--- Exercise material ---
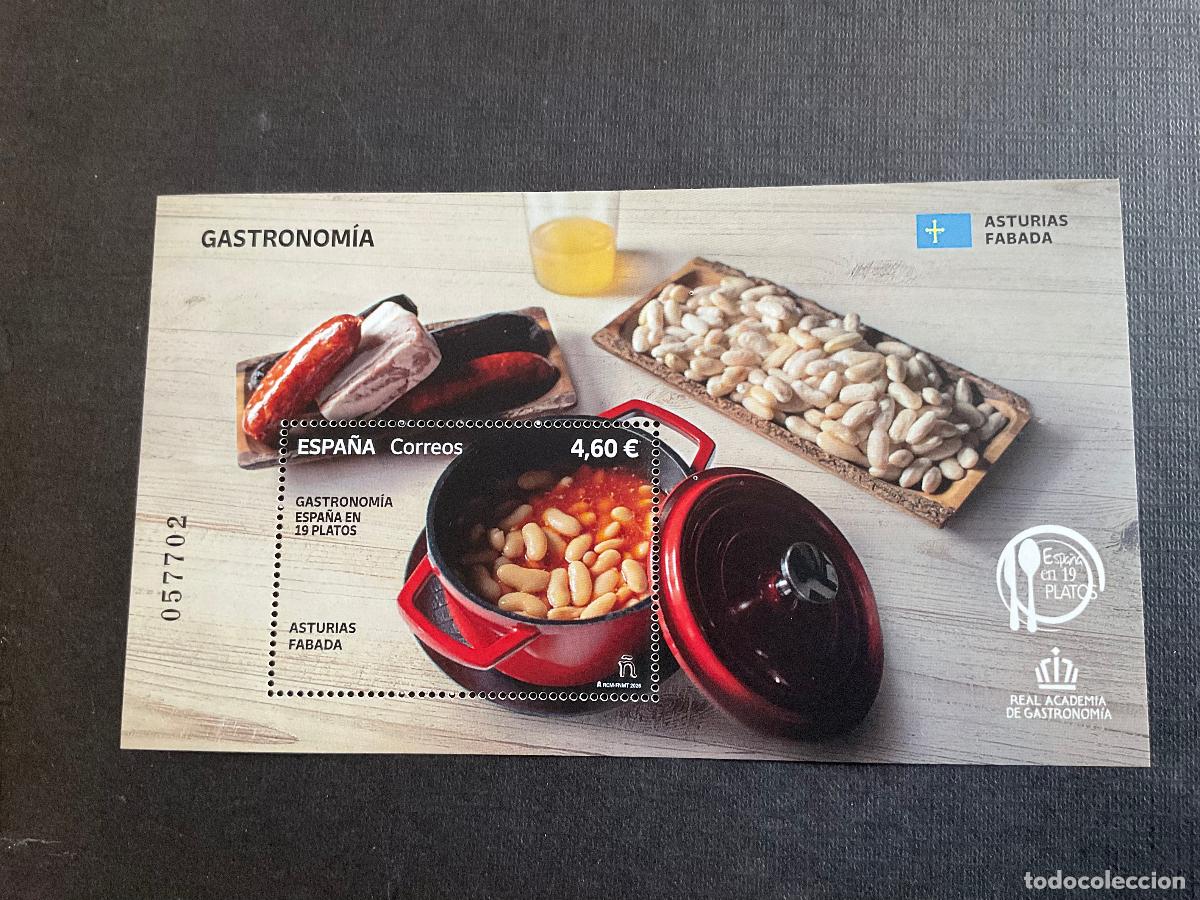Sellos: ESPA&Ntilde;A A&Ntilde;O 2026. GASTRONOMIA. ASTURIAS. FABADA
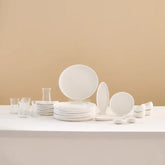 Karaca Bone China Olla 28-teiliges Servierset für 6 Personen, Weiß
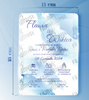 Zaproszenia ślubne PREMIUM wykonane na białym SZKLE AKRYLOWYM-ZB16A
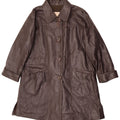Dibi Damen Ledermantel IT 48 XL Braunes Leder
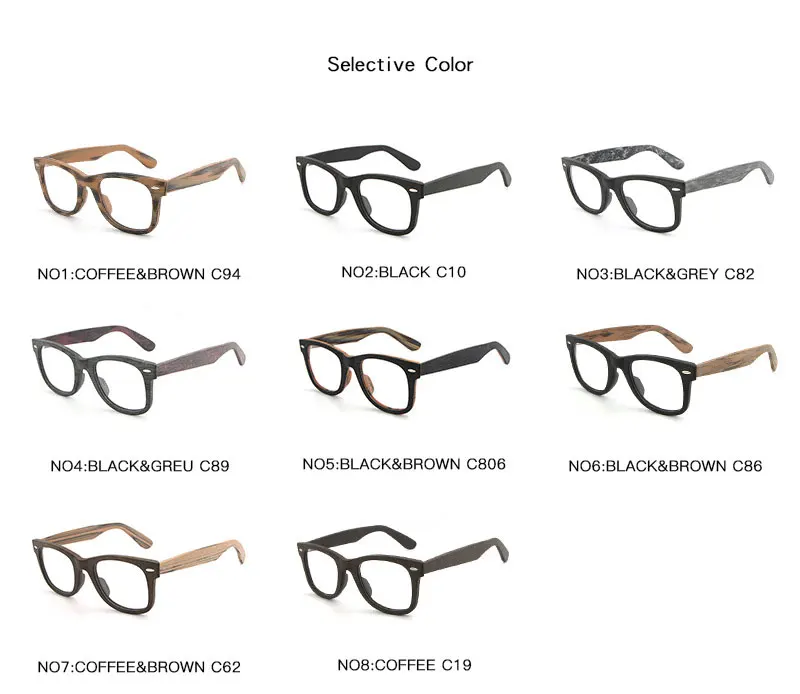 Reven Jate HB031 оптическая оправа для очков очки по рецепту ацетат деревянный узор очки с полной оправой мужские и женские очки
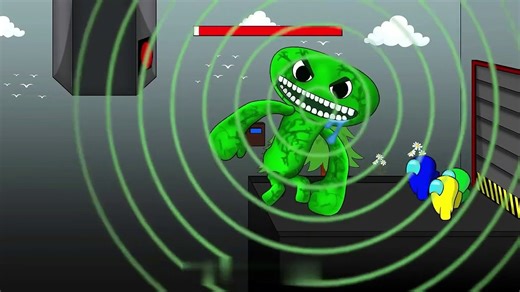 Among Us Passing the Bridge to Survive from  Green Hulk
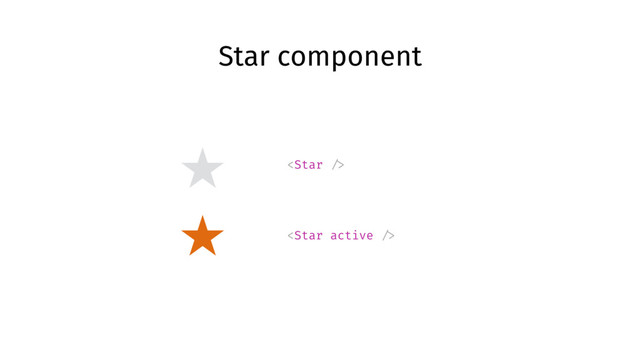 Star component


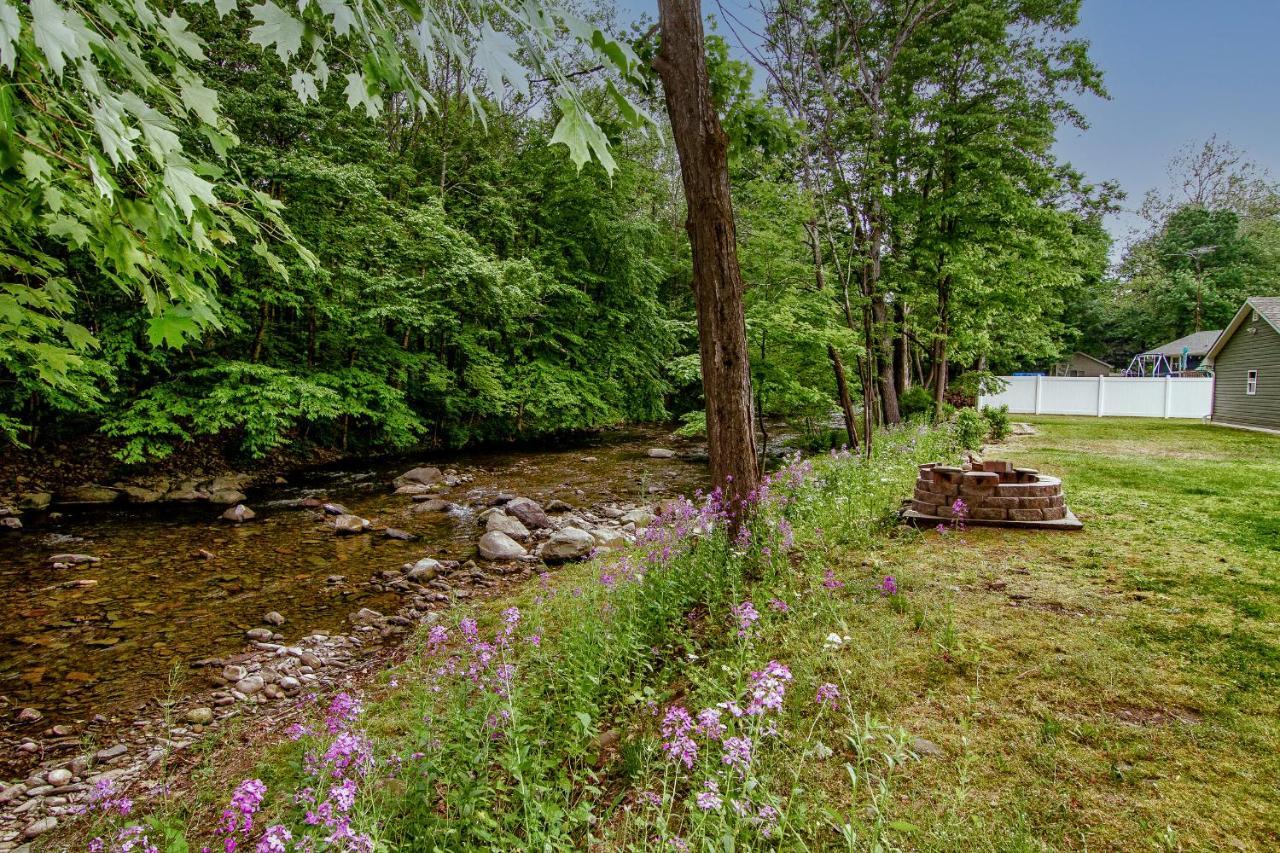 Cabin By The Creek With Private Creek Access Tannersville Esterno foto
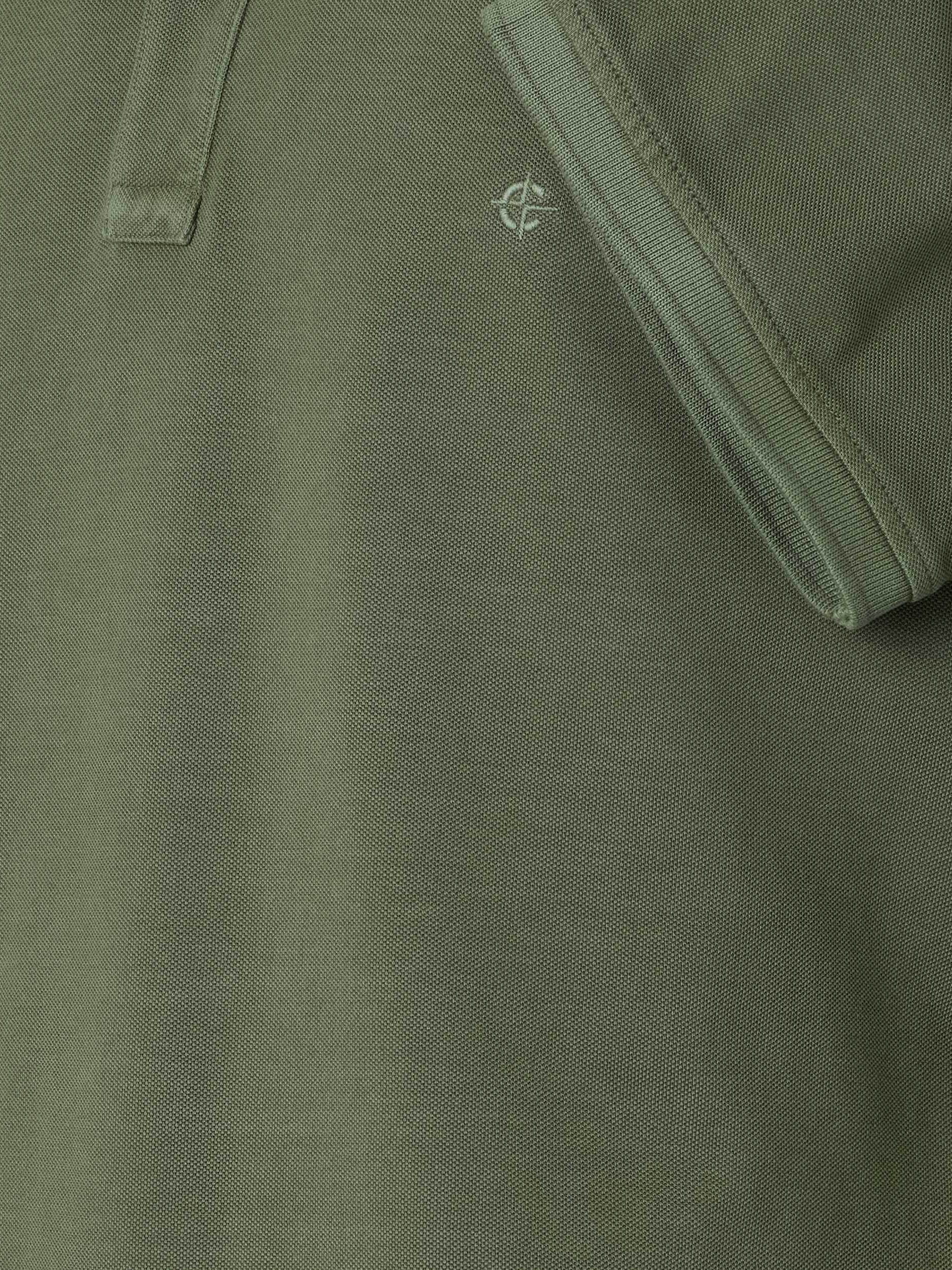 CASAMODA Polo Piqué Groen Product / Detail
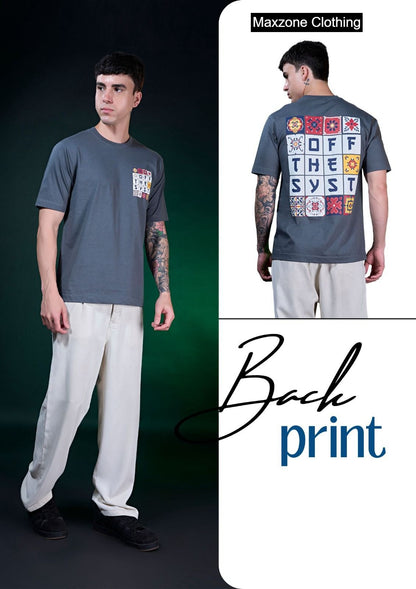 Iho G 102 B Dn 2434 Maxzone Clothing Cotton Mens Tshirts Exporter Ahmedabad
---
Work to complete ->
Output each record verbatim and leave out its pictures.

Task response ->
Sellos: ESPA&Ntilde;A A&Ntilde;O 2026. GASTRONOMIA. ASTURIAS. FABADA
 Karaca Bone China Olla 28-teiliges Servierset für 6 Personen, Weiß
 Zaproszenia ślubne PREMIUM wykonane na białym SZKLE AKRYLOWYM-ZB16A
Dibi Damen Ledermantel IT 48 XL Braunes Leder
 Reven Jate HB031 оптическая оправа для очков очки по рецепту ацетат деревянный узор очки с полной оправой мужские и женские очки
 Among Us Passing the Bridge to Survive from  Green Hulk
 Star component


 Cabin By The Creek With Private Creek Access Tannersville Esterno foto
 CASAMODA Polo Piqué Groen Product / Detail
 Iho G 102 B Dn 2434 Maxzone Clothing Cotton Mens Tshirts Exporter Ahmedabad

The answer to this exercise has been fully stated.